The Wine Institute has launched a marketing push in China to educate the newly wealthy masses about California wine, whose fruity intensity is more in line with the Chinese palate, some sellers say.
In addition to competition from France, Italy, Australia, Chile and other winemaking nations, California wineries also face a threat common to many industries in China copycats.
"There are a lot of fakes and the government has one eye open and one eye closed," Wu said. "The fake wine industry will employ a lot of people."
Widespread official corruption in China is another problem.
"A full case arrives on the dock and the inspector says, 'I have to keep one bottle. It's called inspection,'" Wu said. "A cargo comes in and two cases are taken."
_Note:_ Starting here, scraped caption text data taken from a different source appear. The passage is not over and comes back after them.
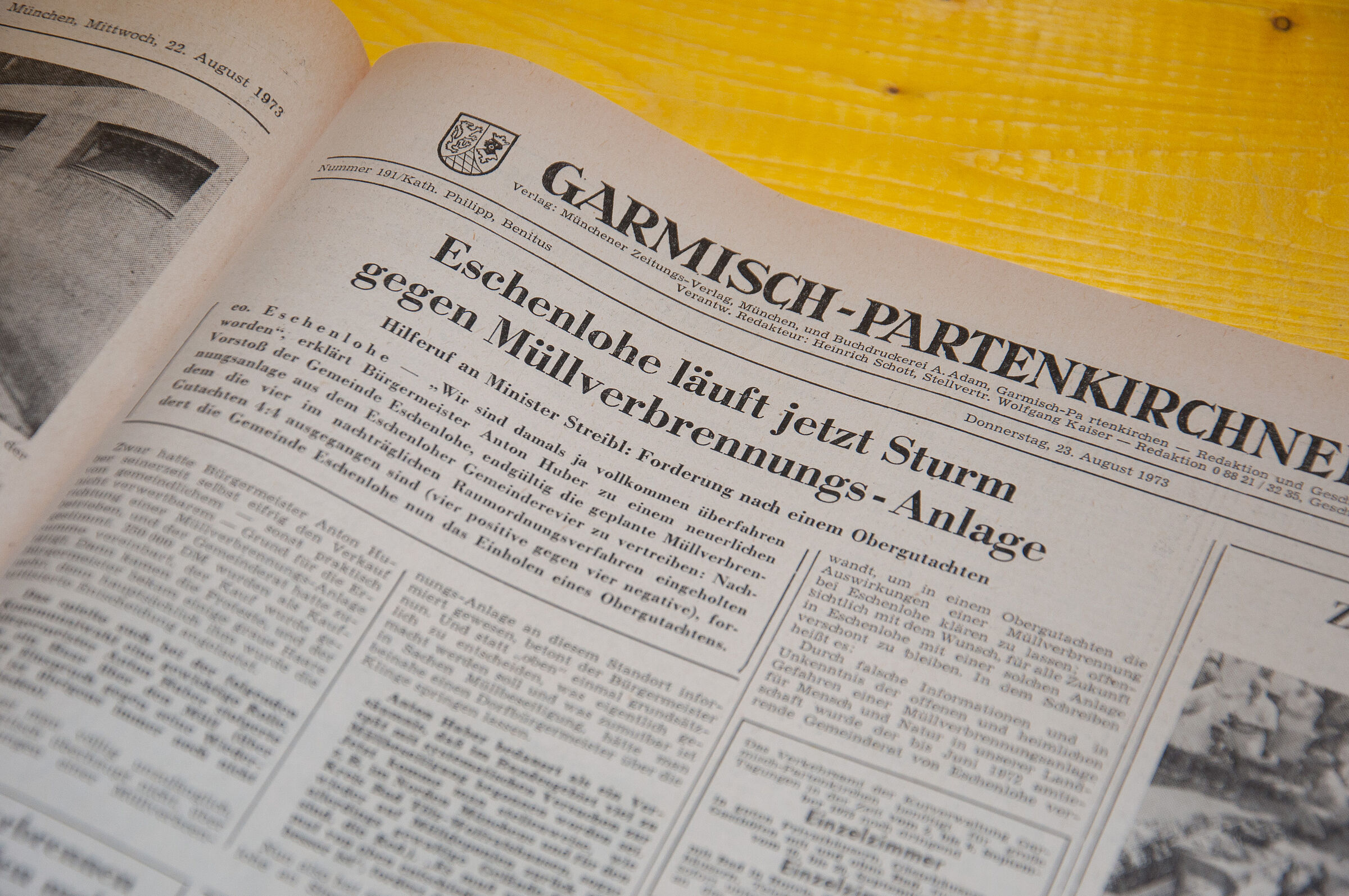 Zeitungsausschnitt aus dem Garmisch-Partenkirchner Tagblatt: Sturm gegen Müllverbrennungsanlage Eschenlohe. (Foto: Lory)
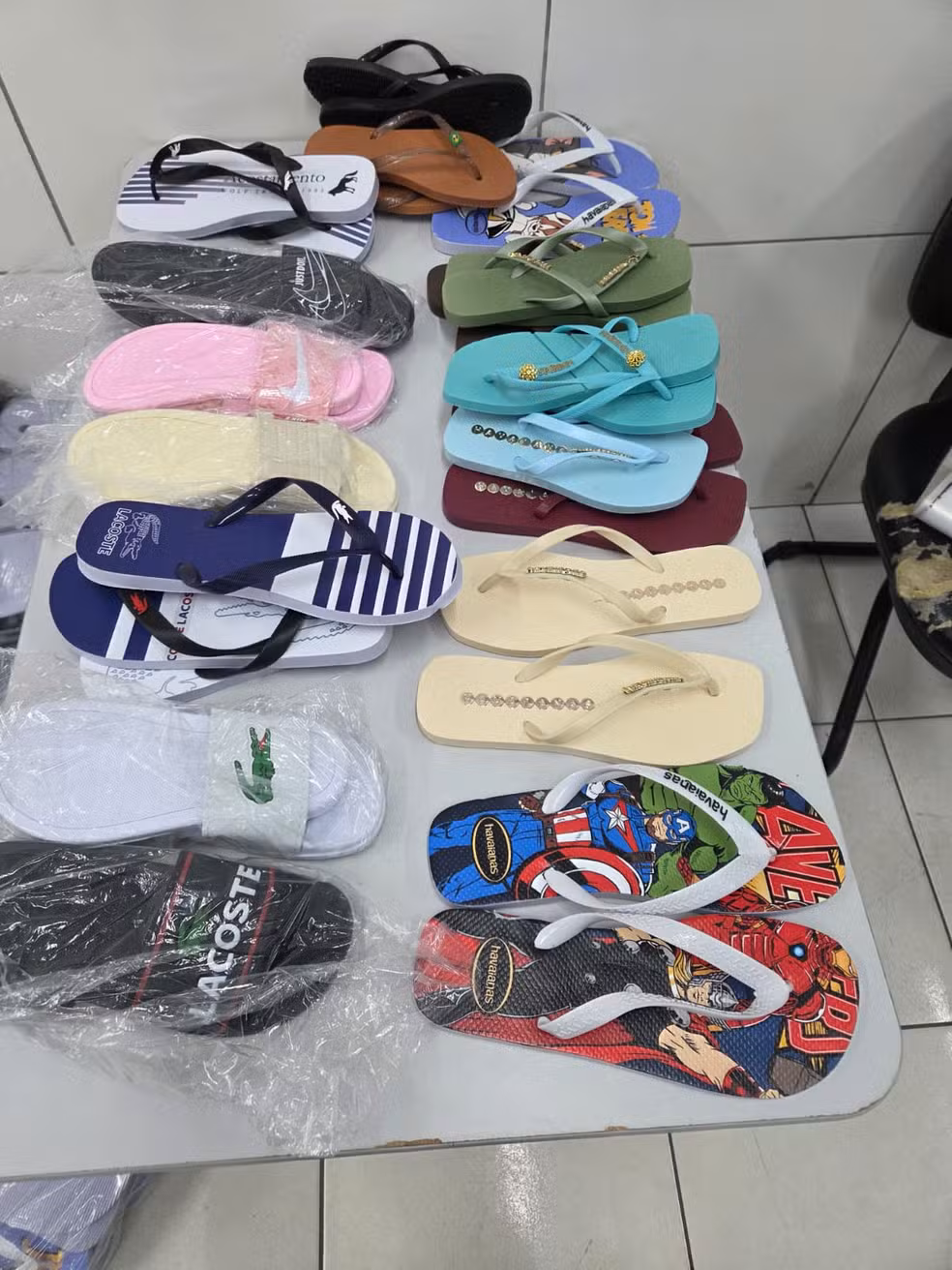 Polícia apreende quase 3 mil sandálias falsificadas em Timon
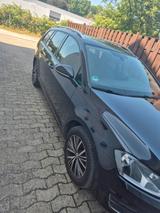 Volkswagen Golf 7 Kombi - Volkswagen T7 Kombi Gebrauchtwagen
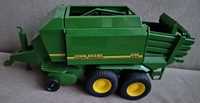 Prasa john deere bruder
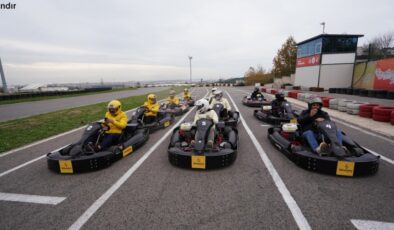 Yarış tutkunu fenomenler,  İstanbul Karting Park’ta buluştu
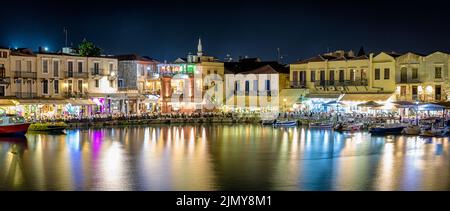 RETHYMNO, CRETE - 20 SETTEMBRE 2017: Terrazza di ristorante pieno di persone nel porto della città Foto Stock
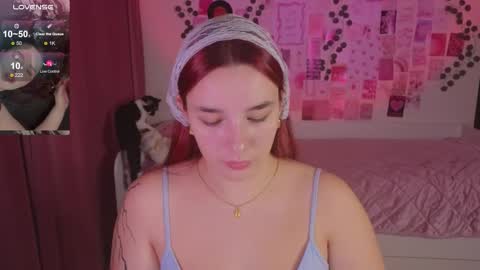 Snapshot of iwi_wi_wi chatting on October 2025 12:33:01 AM Daisy online show from October 2025 12:33:01 AM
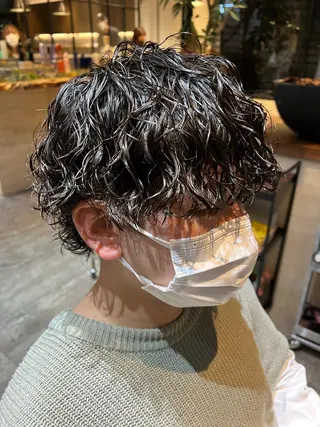 ショート パーマ メンズ 波巻きスパイラルパー マ/シャドウパーマ駿のヘアスタイル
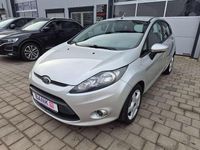 Gebraucht Ford Fiesta Champions Edition 82 PS (60 kW) 2012 Polarsilber metallic Kleinwagen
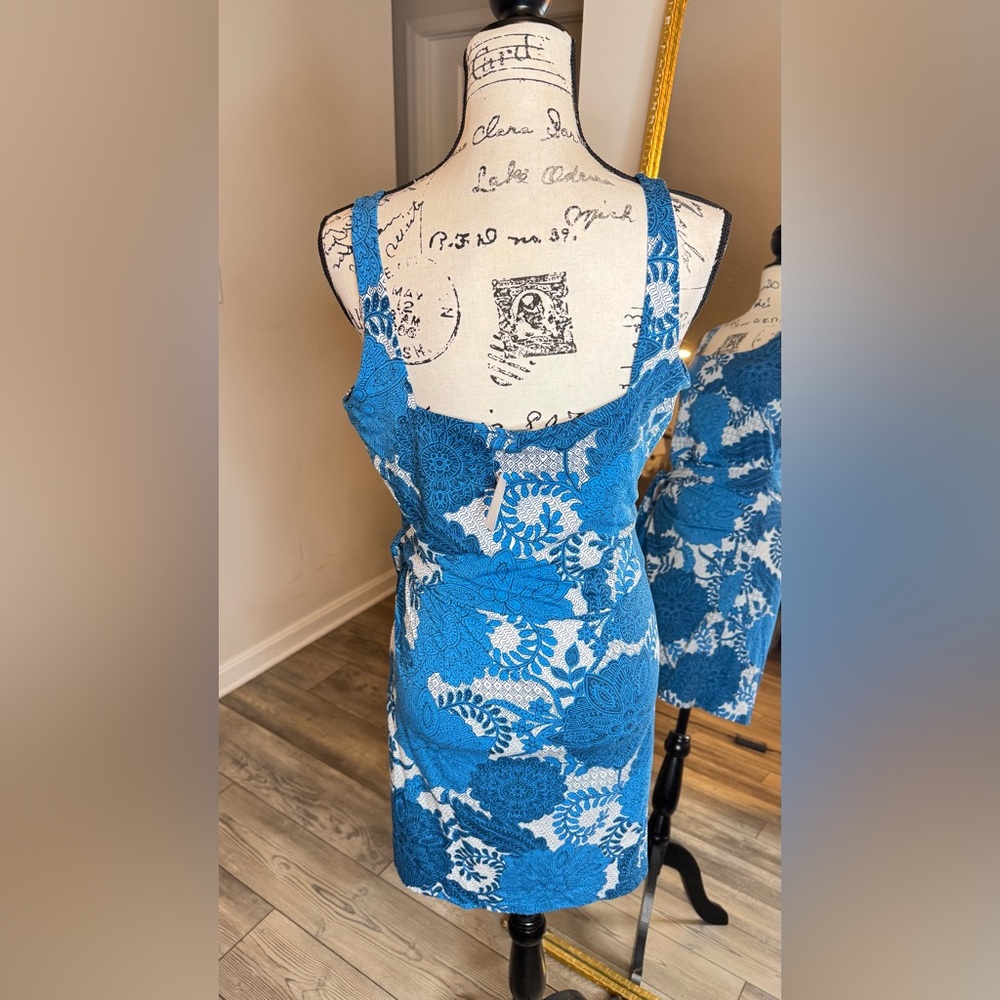 LOFT Blue Floral Tie-Waist One-Piece Swim Cover Dress - Picture 7 of 12
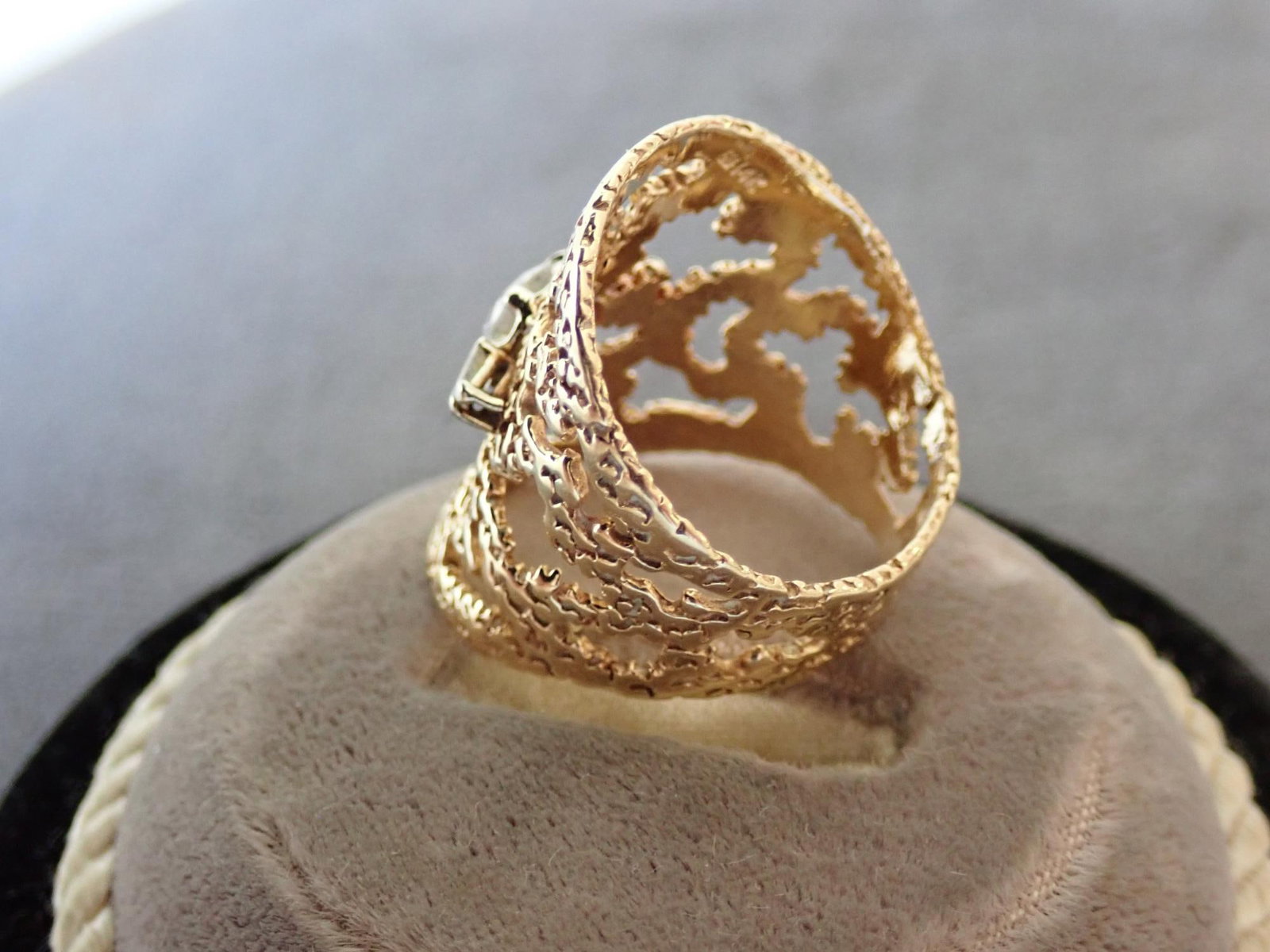 14K and Diamond Ring - 3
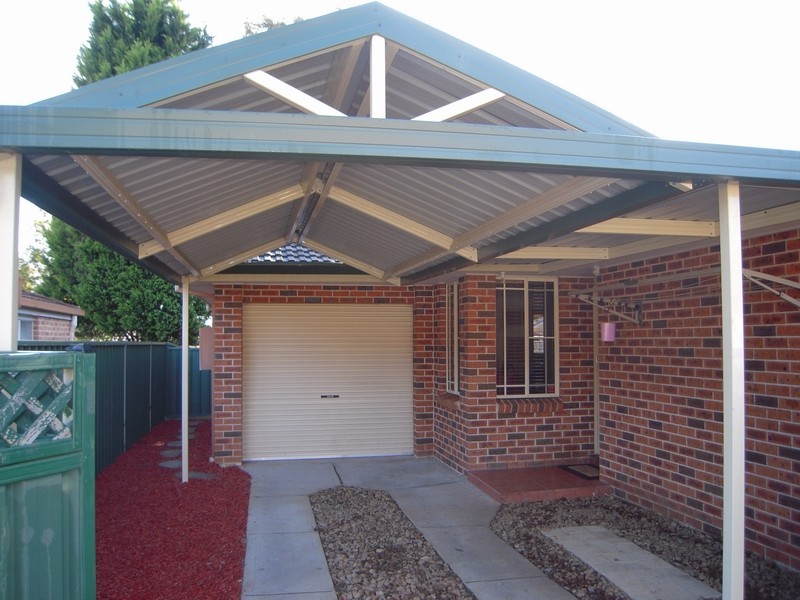 12 Davy Place, St Helens Park NSW 2560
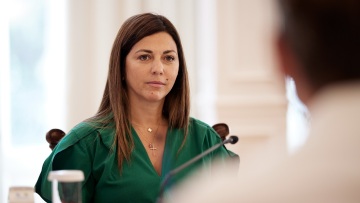 Ανακαινίζω-Νοικιάζω: «Αυξήσαμε την επιδότηση στο 60% για τις ανακαινίσεις» - Τι είπε η Ζαχαράκη για το Σπίτι μου 2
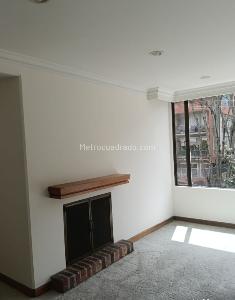 Apartamento de 3 alcobas en venta en Molinos Del Chico, Bogotá, 178 m² · foto 4 de 17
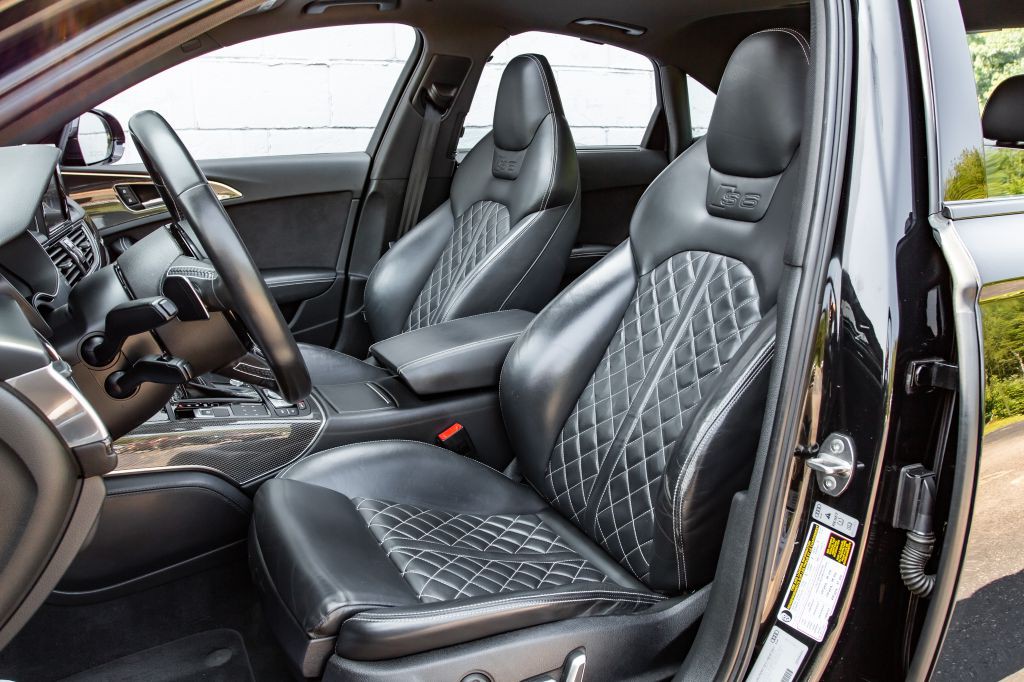 2016 Audi S6 Image 26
It also is common for restaurants and other companies to sign exclusive agreements with one supplier which shuts out newcomers.
The success of California wines in China will depend largely on word-of-mouth branding and guanxi gaining favor through networking and relationship-building. A bit of unorthodox salesmanship might help as well.
Exporter Richardson, a big man, sometimes slings a wine bag around his body and charges through the streets of Shanghai: When he spots a restaurant, he walks in and asks if the managers would like a taste. On other days, he organizes wine tastings at Via Pacifica's wood-paneled outlet that includes comfortable living-room furniture arranged around a fireplace. Wine racks along the wall hold such star wines as the Goldeneye Pinot Noir, served at President Barack Obama's Inaugural Luncheon.
"This is a very immature market. They don't know much about wine," Richardson said one recent morning as he hoisted two cases of wine into a taxi to personally deliver them to two restaurants. "But the drive to know about wine is there."
Napa and Sonoma counties may be unfamiliar to many in this nation of 1.3 billion people, but California and the American spirit are well known.
"When I taste the red wine of America, I can feel the American culture," said Sun, the successful Beijing executive who is discovering California wine. "The wine produced by the Americans is more connected to the age the times than the French wine."